Problem in Deduping

Post questions here relative to DataStage Server Edition for such areas as Server job design, DS Basic, Routines, Job Sequences, etc.

Moderators: chulett, rschirm, roy

Archana
Participant
Posts: 15
Joined: Thu Mar 23, 2006 3:55 am
Location: Hyderabad
Contact:

Problem in Deduping

Post by Archana »

Hi ,
I am trying to dedup a sequential file on some keys (combination of 3 keys) . The output is a hashed file with those three fields as keys .
But the files ia not getting deduped , I am finding records with dupliacate values of those keys . The parameters and all sre fine in hash file .
Please , tell me the solution .

Thanks
Archana
satheesh_color
Participant
Posts: 182
Joined: Thu Jun 16, 2005 2:05 am

Post by satheesh_color »

Hai,

Why don't you try with the simple SQL by using Distinct keyword.It's also worked fine by using hashed file.





Regards,
Satheesh.Rajan
ArndW
Participant
Posts: 16318
Joined: Tue Nov 16, 2004 9:08 am
Location: Germany
Contact:

Post by ArndW »

Archana, a hashed file key is unique.
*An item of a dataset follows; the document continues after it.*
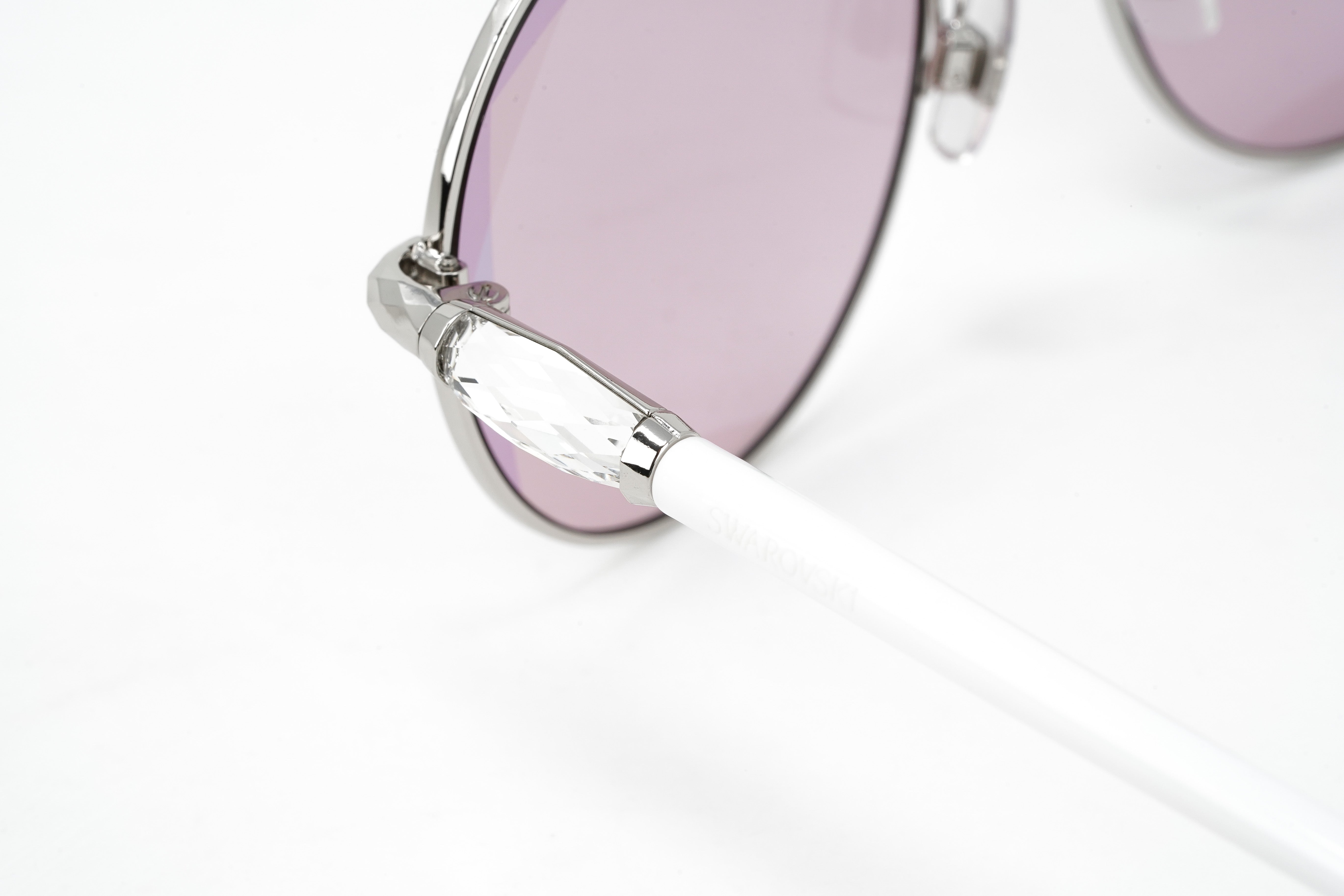Swarovski Women's Sunglasses Round Silver Pink SK0260/S 16U-GR8 Sunglasses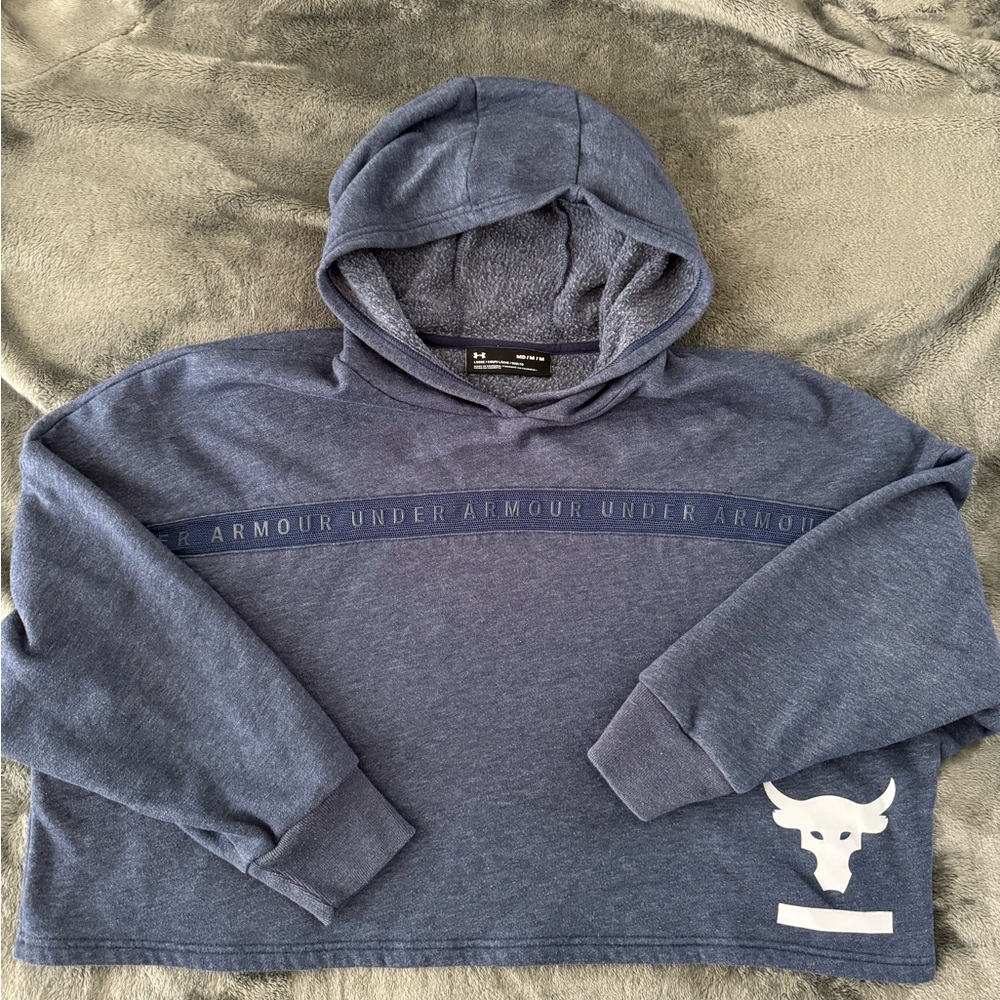 #525 WOMENS Under Armour | Tops | Under Armour Blue Cropped Hoodie.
If you specified all 3 key columns when you wrote to the hashed file you cannot have duplicates. Are you certain you specified all 3 columns as keys for the hashed file? If you are certain, could you show an example of a duplicate record?
Archana
Participant
Posts: 15
Joined: Thu Mar 23, 2006 3:55 am
Location: Hyderabad
Contact:

Post by Archana »

ArndW wrote:Archana, a hashed file key is unique. If you specified all 3 key columns when you wrote to the hashed file you cannot have duplicates. Are you certain you specified all 3 columns as keys for the hashed file? If you are certain, could you show an example of a duplicate record?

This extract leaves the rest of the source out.